Upon arriving at Malfoy Manor, Narcissa said to Draco, "We've got a special dinner planned for you, dear, replete with all your favorite entrées, soda drinks, and desserts."

"Really cool, what for?" Draco asked curiously. But neither of his parents mentioned anything until they had all finished with their pudding.

His mother gazed at Draco somewhat anxiously while his father sipped his third glass of Aurum Amaretto.

"Darling," Narcissa said, making Draco jerk his drooping head up to show that he was listening and that he wasn't about to let his manners slip up at the table.

"Do you remember all the times we explained to you why we sympathize with the Dark Lord?"

Draco nodded with conviction, furrowing his brow. "Sure. It all made sense to me. He was more of a hero than anything else with all the things he wanted to do, and he was more aligned with us than anyone else."

"Indeed," Lucius steepled his fingers in front of his empty plate as one of the two house-elves rushed over to retrieve it. "Now that you're old enough and have proven yourself faithful to our values, your mother and I have agreed that it's the right time to tell you the truth about our involvement with him."

Draco had known for years that it would have been better if the Dark Lord was still in power expanding his reach. His parents had taught him that it was tragedy he'd ever been defeated, although they never fully admitted to being his willing servants.

But even now, while his parents were waxing poetic about their hatred of Muggles and admitting to Lucius's obedience to the Dark Lord, Draco was thinking about Harry Potter with his perplexed green eyes, lightning bolt-shaped scar, and stubborn disposition. He thought about Harry standing angrily under the moonlight by the Clock Tower, and he felt like a gulf was stretching out between them, now that Draco understood his family had always been on Voldemort's side.
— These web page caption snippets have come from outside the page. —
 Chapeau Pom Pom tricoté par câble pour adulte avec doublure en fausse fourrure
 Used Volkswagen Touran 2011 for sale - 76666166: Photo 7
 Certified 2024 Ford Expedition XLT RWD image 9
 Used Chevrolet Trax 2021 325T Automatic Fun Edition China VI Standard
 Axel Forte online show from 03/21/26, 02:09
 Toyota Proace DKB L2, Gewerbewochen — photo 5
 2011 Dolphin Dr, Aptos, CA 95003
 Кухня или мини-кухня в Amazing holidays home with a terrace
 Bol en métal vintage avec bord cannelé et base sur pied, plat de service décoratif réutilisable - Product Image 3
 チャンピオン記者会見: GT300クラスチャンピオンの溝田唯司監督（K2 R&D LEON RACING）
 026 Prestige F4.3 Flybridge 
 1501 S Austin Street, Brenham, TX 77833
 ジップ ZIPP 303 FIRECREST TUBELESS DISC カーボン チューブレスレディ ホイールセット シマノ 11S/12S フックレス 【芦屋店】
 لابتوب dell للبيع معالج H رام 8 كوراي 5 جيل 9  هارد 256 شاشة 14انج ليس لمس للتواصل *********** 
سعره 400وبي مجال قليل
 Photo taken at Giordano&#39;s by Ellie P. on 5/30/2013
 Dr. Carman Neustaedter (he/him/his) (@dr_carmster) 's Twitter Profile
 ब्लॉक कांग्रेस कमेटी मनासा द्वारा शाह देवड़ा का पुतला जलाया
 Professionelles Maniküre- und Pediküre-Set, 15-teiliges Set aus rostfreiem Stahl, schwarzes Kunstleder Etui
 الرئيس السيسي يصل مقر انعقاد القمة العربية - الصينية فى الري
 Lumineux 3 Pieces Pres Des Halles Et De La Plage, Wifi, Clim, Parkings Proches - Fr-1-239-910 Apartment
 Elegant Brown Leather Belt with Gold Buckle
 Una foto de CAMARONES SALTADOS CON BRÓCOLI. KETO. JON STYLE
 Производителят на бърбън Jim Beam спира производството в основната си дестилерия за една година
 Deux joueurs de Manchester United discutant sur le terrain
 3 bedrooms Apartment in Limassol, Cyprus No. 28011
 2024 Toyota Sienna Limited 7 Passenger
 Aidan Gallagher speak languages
He remembered Harry begging Draco to stop punishing him, and Draco wished he had explained why he had abused Harry all these years, for his own good, and to make Harry understand that the riffraff he hung out with would be the ultimate limiting factor for him. He also wanted to teach Harry not to disrespect or humiliate him ever again, but all these tough-love lessons hadn't panned out well so far. Harry had only become angry and distraught by them, but Draco didn't have any other methods to get through to him.

Which was probably just as well. If Harry was with him right now, Draco probably wouldn't be able to resist the physical pull he felt towards him. In fact, he might end up doing regrettable things that his father would beat him for if he found out.

Draco thought of Harry even while he listened to his parents waffle on. He imagined pulling him close in the Slytherin common room—which had become one of his favorite dreams as of late—whispering "I like you," with all the drawling sweetness in his voice that he could muster. He had never spoken to Pansy like that, but all his affection was wrapped up in one boy, and his heart ached as he reflected on the fact that any friendship with Harry had been doomed from the very start, if for no other reason than the fact that Draco would never have been satisfied with just that.